Back in Boston, Jessup mixes the isolation tank experience with some of the mind-altering drug mixture from Mexico. This is when the film gets truly silly and Hurt's hallucinations manifest themselves physically. He starts to morph into a caveman/animal state, escaping the tank and running amok through the nighttime city streets.

Altered States is a whole lot of mumbo jumbo, psuedo-science but makes for a fun, dated ride through theories about "biological devolution," energy waves, and bad primitive caveman bodysuits. It's the dead serious, existential questions about the origin of man and men becoming godlike through drug and mind-expansion tools that all seems very '70s self-help meets heavy drug experimentation. Russell puts this through a filter of a glossy, FX-heavy sheen of the upcoming '80s wave of sci-fi, horror, and action films about to barrel through Hollywood and become the norm.

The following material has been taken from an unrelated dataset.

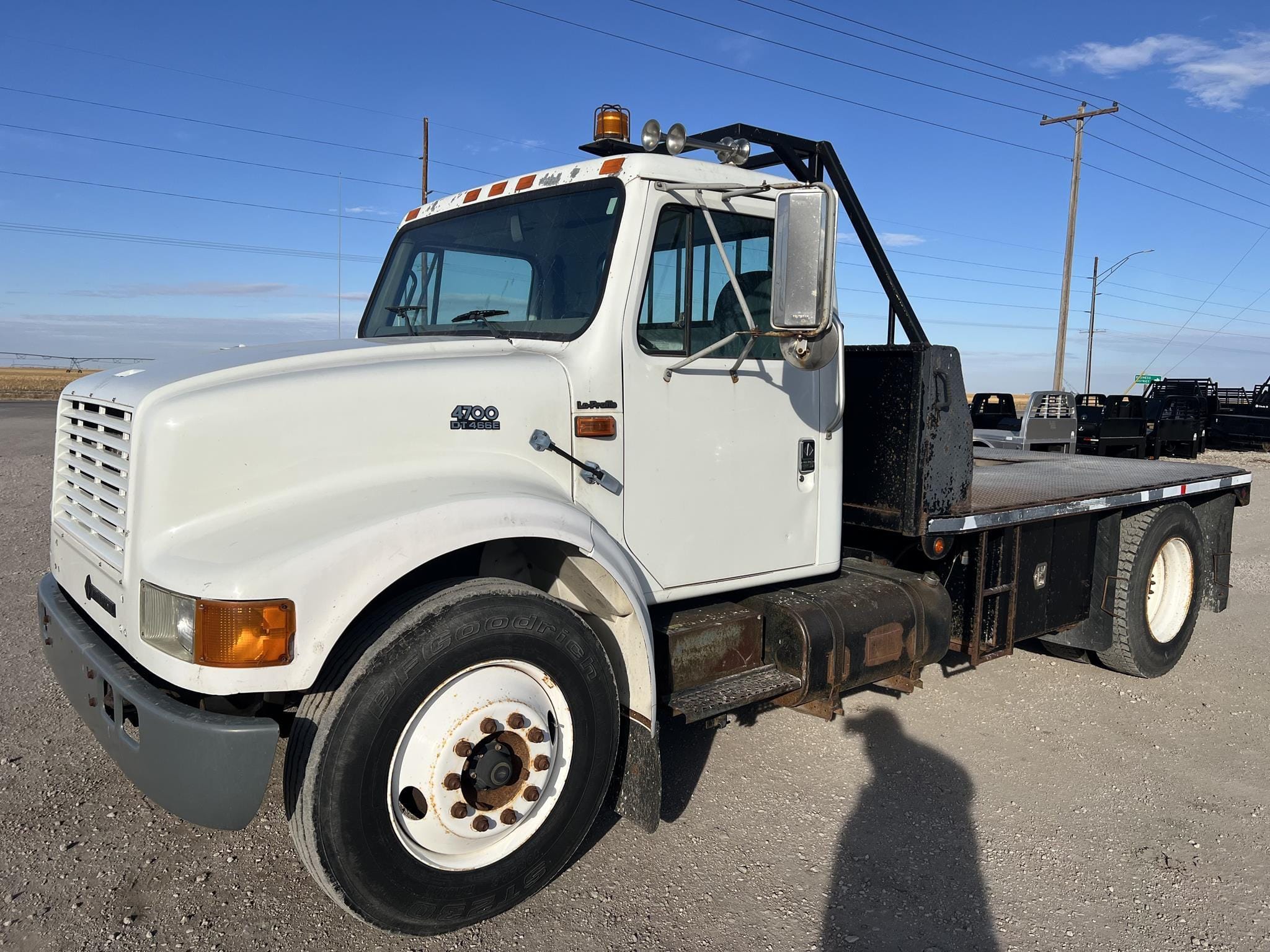 2000 International 4700 Equipment Image0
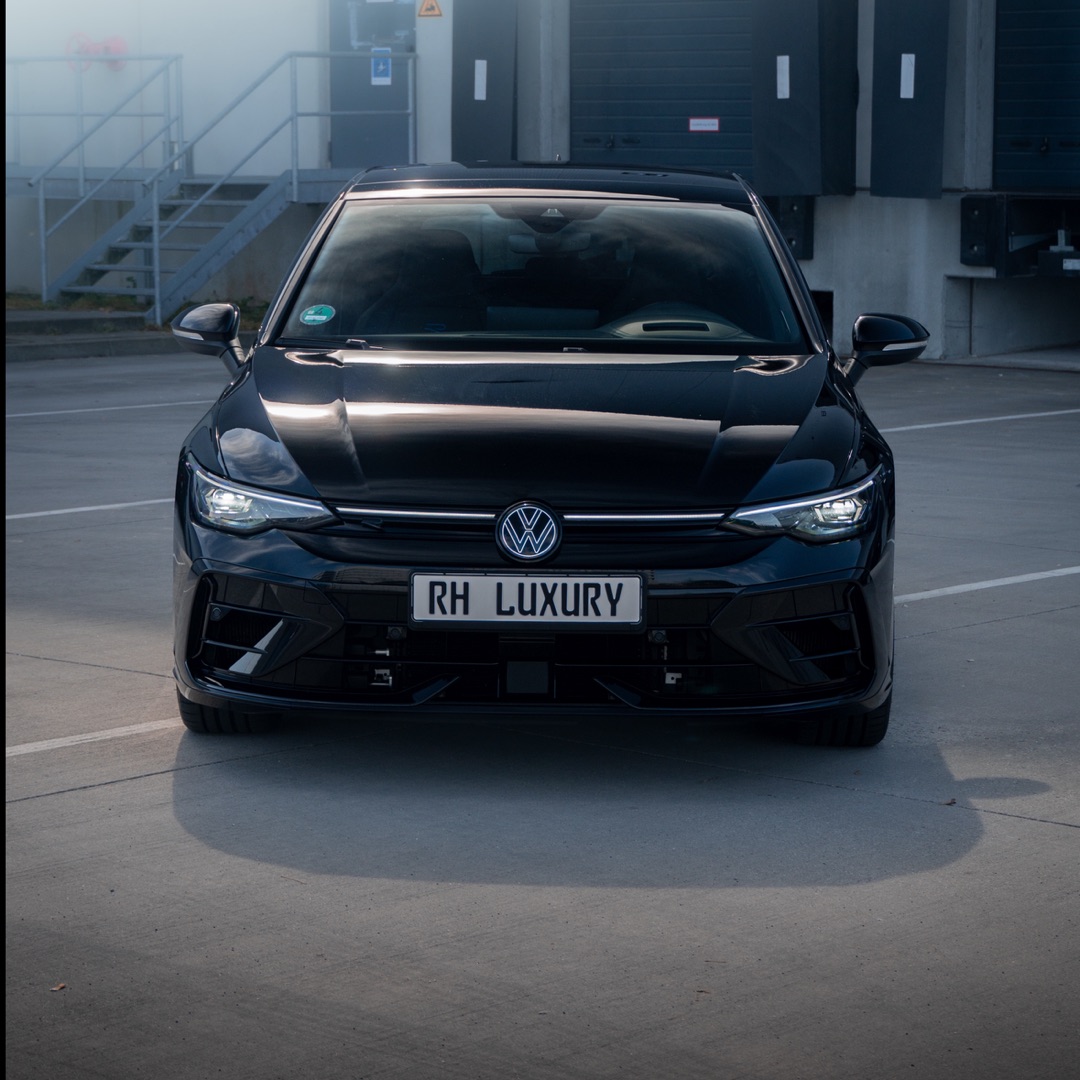 VW Golf 8 R Black Edition mieten in Dreieich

Altered States rides the tightrope between the two decades and between exciting boundary-pushing and schlocky fun. It's too silly to even get mad at. C'mon, we're all just energy, man! Enjoy the ride.








Dessert Anyone? 'Beatriz at Dinner'


Sorry for a blog vacay, but we had guests in town but nothing that would constitute a dinner party like the one in Miguel Arteta's new film Beatriz at Dinner.

Arteta, director of dark comedy slices of life like Chuck & Buck and The Good Girl, once again teams up with his writing partner, the wry and dry Mike White, for Beatriz.

Car trouble strands masseur/alternative medicine therapist Beatriz (the dressed-down, stunning Salma Hayek) at the oceanside mansion of one of her clients, Kathy (Connie Britten) post-session. She's invited to stay for a small dinner party. The guests include Kathy's stuffy, uptight husband, and his business associates, including the uber-wealthy CEO of a chain of hotels and resorts Doug Strutt (John Lithgow, playing creepy jerk again).

Beatriz's calm, open persona gets battered as she listens to the stories of greed, inanity, and selfishness from the wealthy white people sitting next to her at this lavish dinner table.


As the night moves on, the drinks are consumed, and Lithgow's character reveals himself to be a Trump-like classless, arrogant mogul who has leveled small towns, like the ones that Hayek's character comes from in Mexico, to make way for his luxury resorts. Beatriz moves from apologetic and gracious to silently, and then not so silently, seething.

Many critics have complained that the satire and comedy elements are not scathing enough in the film, while also complaining that the "villains" in the film are too one-dimensional.

I disagree. On reflection, the layers of this film are subtle when they could have turned into the over-the-top dark comedy of something like the liberal vs. conservative battles of the '90s indie The Last Supper . Beatriz approaches a vaguely similar "us vs. them" set-up, but adds the weight of race, class, and environmentalism, to take the idea of the story to a sadly accurate spot in 2017 America.



Although the ending is a bit pessimistic, it's also reflective and powerful and doesn't give anyone an easy out. Beatriz, mainly due to the haunted and silently commanding presence of Hayek, jumps over the danger of sermonizing, to focus on one single person and her small life affected by a wave of greed and narcissism that has flooded over this country in an era of corruption in the highest offices of the land.